Le tableau est décrit par le Financial Times, qui cite des sources éclairées sur l'entretien que le président russe avait il y a 10 jours avec le correspondant spécial pour Trump, Steve Witkoff, à Saint-Pétersbourg. Witkoff, a déclaré que la Maison Blanche, sera à nouveau à Moscou pendant la semaine et rencontrera toujours Poutine.

« Le président était avec Witkoff dans l'étude ovale, ils veulent que tout le monde sache que les négociations se poursuivent. Nous allons dans la bonne direction. Witkoff retournera en Russie cette semaine pour rencontrer Poutine », a déclaré Karoline Leavitt, porte-parole de la Maison Blanche.

Le nœud de la Crimée

Après l'offre russe, selon la reconstruction du Financial Times, Les États-Unis ont circulé l'idée d'un éventuel accord qui prévoit la reconnaissance de la Crimée Washington en tant que Washington russe. À ce rythme, une autre reconnaissance relative au contrôle partiel russe de facto serait combinée avec des parties des quatre régions formellement annexées par Moscou.

Les Européens qui ont été illustrés par les efforts américains pour mettre fin à la guerre ont averti que Poutine utilisera probablement la concession apparente comme « appât » pour attirer Trump à accepter d'autres demandes, forçant l'Ukraine à les accepter comme accomplie. « Il y a beaucoup de pression sur Kiev en ce moment afin de renoncer à ce que Trump peut proclamer la victoire », explique l'une des sources du journal.

Aujourd'hui, les discussions à Londres

Le passage crucial, explique le Washington Post dans les mêmes heures, se déroulera aujourd'hui à Londres. Les États-Unis briseront le retard – lors de la réunion à Londres, les négociateurs français, britanniques et allemands – et passeront des rumeurs aux propositions formelles: Ils demanderont que l'Ukraine et l'Europe reconnaissent la Crimée comme un territoire russe pour conclure un accord de paix.

Sur la table, une autre condition: la congélation de la ligne de front.

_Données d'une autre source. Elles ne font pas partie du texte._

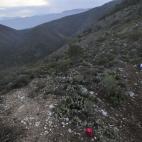 5c8ad29d2500000d04c9b675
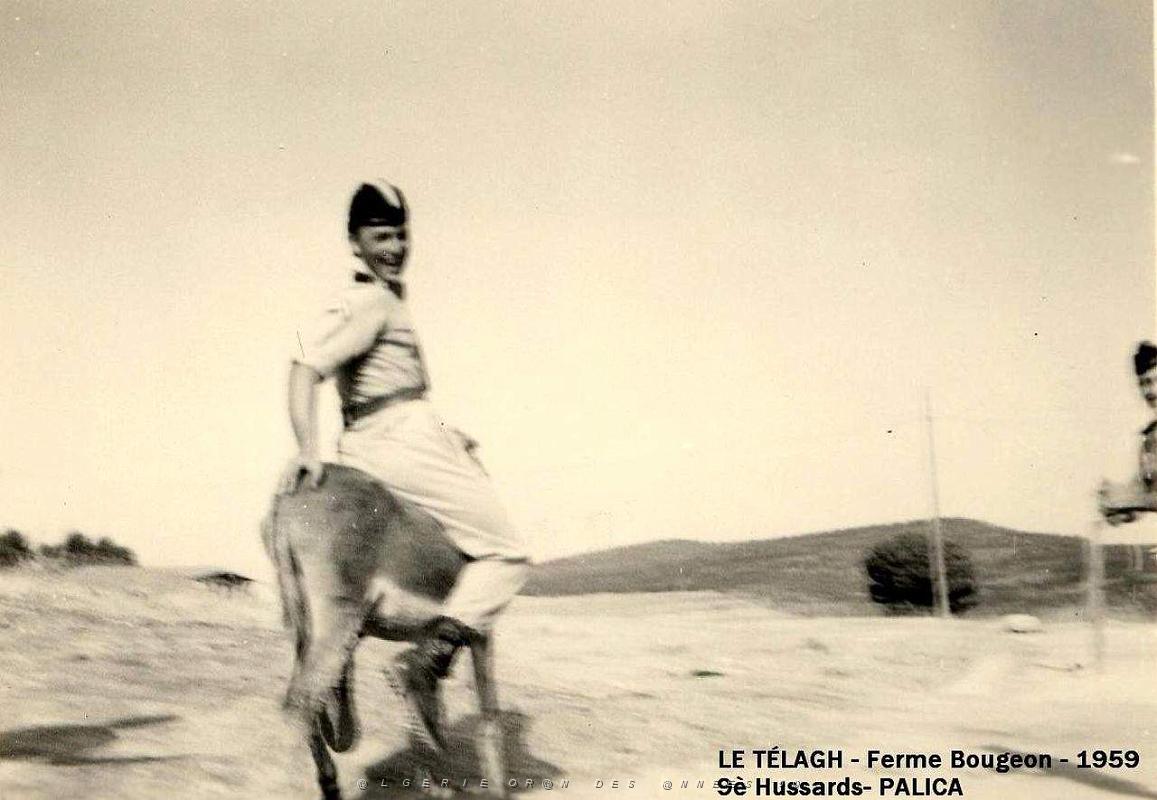 Palica - Le Telagh 017.jpg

En échange de ces concessions territoriales, les alliés ukrainiens espèrent obtenir des garanties de sécurité et des programmes de reconstruction pour le pays en guerre à partir du 24 février 2022.

Les propositions américaines, déjà présentées à l'Ukraine à Paris la semaine dernière, prévoient que Washington prend officiellement une position reconnaissant officiellement la Crimée comme un territoire russe et, plus tard, révoquant des sanctions contre la Russie, selon trois sources éclairées. En retour, Moscou mettrait fin à l'hostilité en Ukraine.

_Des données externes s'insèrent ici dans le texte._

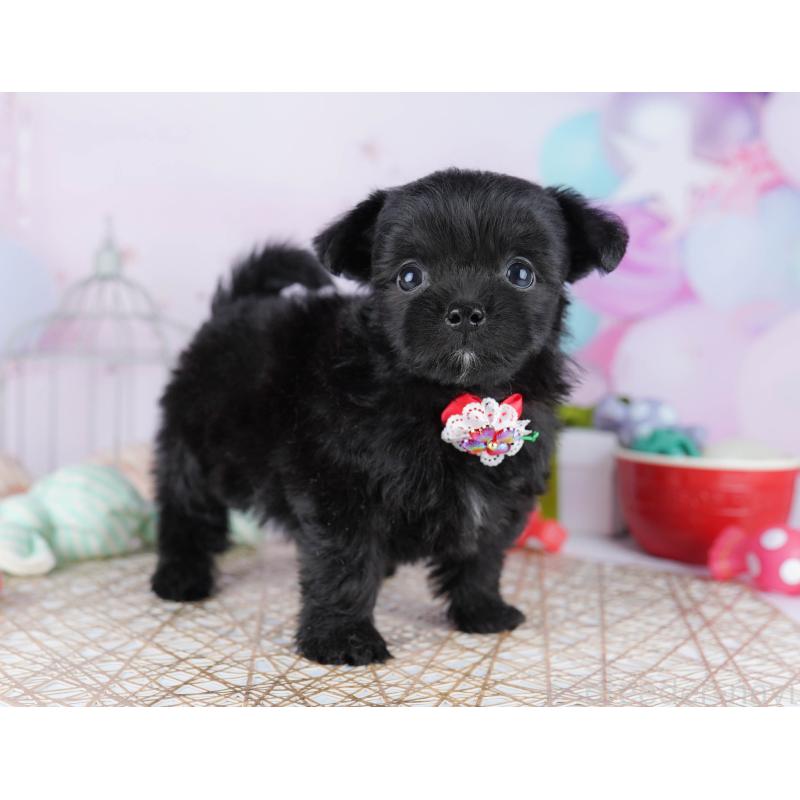 販売中の千葉県のミックス犬-433093の8枚目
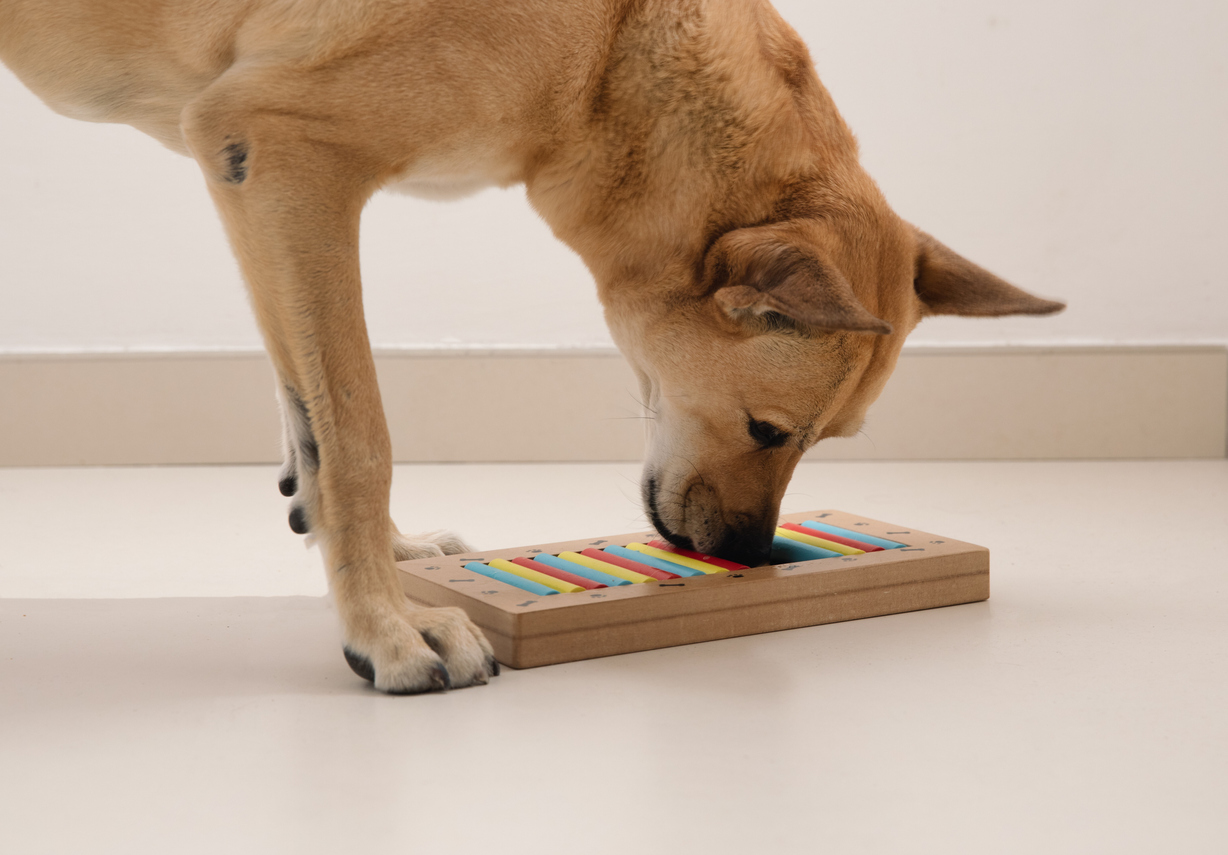 shiba inu dog playing with puzzle toy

Zelensky appelle, Poutine ne répond pas (pour l'instant)

La proposition de Poutine, même approuvée par Trump, ne recevrait guère un jugement favorable de l'Ukraine. Un conseiller du président ukrainien Volodymyr Zelensky a déclaré que Kiev était d'accord avec certaines idées présentées par Washington. Le NO sur la vente de territoires, et en particulier sur le renoncement de la Crimée, est cependant un rocher clairement visible.

« Après le cesseur, l'incendie est prêt à s'asseoir (à la table, éd.) », A déclaré le président ukrainien, parlant d'éventuelles interviews directes avec Moscou et se disant «  Prêt à rencontrer Trump lors de sa visite au Vatican '' Pour les funérailles du pape François. À Londres, « Notre équipe aura le mandat nécessaire, c'est-à-dire discuter de l'incendie inconditionnel ou d'un incendie partiel d'une cessée ».

La position concernant la Crimée, en attendant, ne change pas: « L'Ukraine ne reconnaît pas et ne reconnaîtra jamais l'occupation légale de la Crimée. Il n'y a rien à dire. C'est en dehors des limites de notre constitution. C'est notre terre, c'est la terre du peuple ukrainien ».